The game is the penultimate one for Ernesto Valverde at San Mamés, and Athletic want to close a season they have described as very irregular with one last push. Valverde’s side also learned this week that Edin Terzic’s arrival has been made official, adding another layer to a match that sits between the end of one cycle and the start of another. The coach’s message has been clear enough: “La plaza extra en Europa es un aliciente importantísimo.”

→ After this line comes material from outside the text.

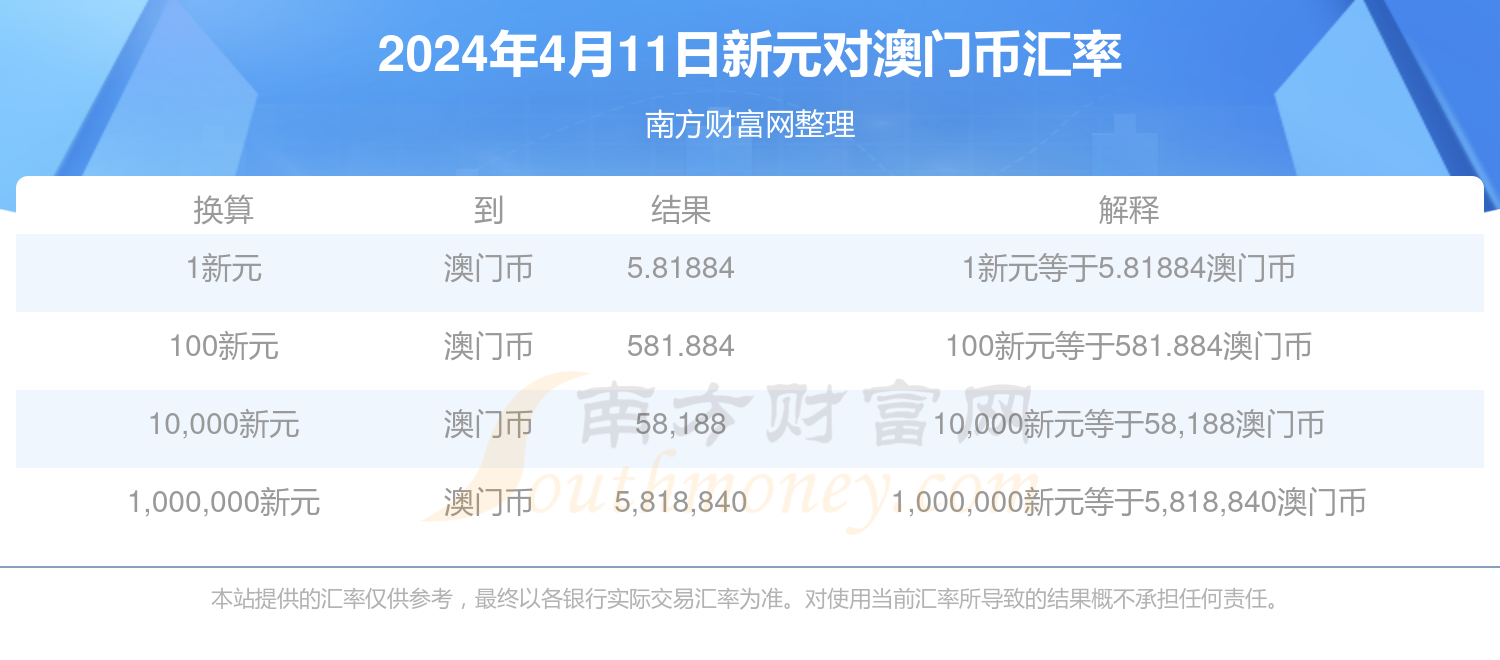新澳门最新开奖结果查询今天,数字经济_贴心版42.268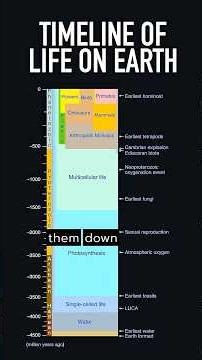 Is TIMING the reason we haven't found aliens? #shorts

That is why Athletic are still treating this as a meaningful fixture despite having already solved the most basic problem of staying up. They are chasing the places that would carry them into Europe, and they know the difference between sixth and seventh could matter when the season is finally tallied. Ruiz de Galarreta and Oihan Sancet could come in for Rego and Unai Gómez in the lineup, while Aymeric Laporte and Yuri are expected to start. Iñigo Lekue, Beñat Prados, Unai Egiluz and Maroan Sannadi were left out of the 23-man squad for technical reasons.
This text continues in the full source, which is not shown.